Once worked up with all the radar up and running they will be the most modern ships in the world - able to defend London from aircraft and missile attack - but all six need Phalanx or Goalkeeper for point blank defence. This has been put right on Daring - looking at the photos of Dauntless as she heads south to patrol the Falkland Islands, not so far. Ideally a pair of Type 45's should patrol the Falklands with a nuclear submarine to deal with surface ships and submarine threats.
The original pair of 30mm cannons are sufficient for dealing Somali pirates but not much help against Exocets. What is the point of saving comparative peanuts after spending hundreds of millions - unless the ships were built to safeguard jobs before a tough election rather than defend this country. Nor is a helicopter enough against submarines, torpedo tubes should be added.

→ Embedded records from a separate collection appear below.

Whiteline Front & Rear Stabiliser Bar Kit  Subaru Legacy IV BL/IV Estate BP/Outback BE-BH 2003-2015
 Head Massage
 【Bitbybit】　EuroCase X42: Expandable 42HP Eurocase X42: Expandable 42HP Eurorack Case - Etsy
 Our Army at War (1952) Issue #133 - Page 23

Modern submarine launched torpedoes are fast and long range. Russia's latest torpedo is designed to reach speeds of 200 knots and run for 7-8 nautical miles. Britain's modern Spearfish torpedo has a top speed of 80 knots and a range of 30 nautical miles. The torpedo runs fast to close on its target then slows for accuracy over the last stretch before impact. Helicopters allow a surface force to detect and engage hostile submarines beyond torpedo range. The British air-launched torpedo - Stingray - has a speed of 45 knots and a range of 4 nautical miles. Stingray was designed to out-run submerged nuclear submarines. Although big helicopters operate in pretty awful weather, often conditions that ground fixed wing aircraft, their mother ship also needs torpedo tubes as a fail-safe.
There is enough space on board for the ship to take on 60 Royal Marine commandos and their equipment.
HMS Daring and her Type 45 sister ships were designed as replacements for the fourteen Type 42 destroyers but that scheme predates the recent Labour government selling off new Type 23 destroyers. Twelve of the Type 45 destroyers were ordered but this programme was reduced to eight ships, then six, greatly increasing the unit cost because the development work is spread over half as many vessels. Building the whole original twelve ship order would bring down the unit price significantly while providing a strong core of powerful ships for protecting carrier and amphibious task forces, carrying out independent strategic operations, commerce protection and global police duties. A second batch of six Super-Darings with enhanced weaponry should be ordered. Building the full programme of twelve ships would also bring the navy's beleaguered destroyer and frigate force up to a comparatively safer 25 active ships plus the 13 Dukes as a reserve force and core of a new reserve fleet. This would provide 38 destroyers and frigates in a major emergency.
TYPE 26 - GLOBAL PATROL SHIP
Type 26 impression - BAE and MOD
At the same time a decision is long overdue for a design to replace the Type 22 and Type 23 ships and this will become the Type 26. Design work at long last has started. Any replacement vessel needs the range and general fighting power seen on the present Type 22 and Type 23 ships. The new government's defence team suggested that a cheap and cheerful escort would meet the navy's requirements. This idea although financially well intentioned, frankly would turn back the clock thirty years and take the navy straight back to the flawed Type 21 concept - discarding the lessons of the Falklands and the obvious strengths of the Type 23 Destroyers. The public - and indeed the government ministers - are too young to know about the shocks of Dunkirk and Crete when the Luftwaffe sunk and damaged half our warships; but many voters will vividly remember the same shock when a ship was lost in the South Atlantic. I don't believe the voters want to see our ships once again sent to war lacking the most basic defences and sunk with the inevitable loss of life. Give the public an honestly presented choice between £ 9 billions for the aid budget and £ 9 billions for the navy and I suspect they would chose the navy.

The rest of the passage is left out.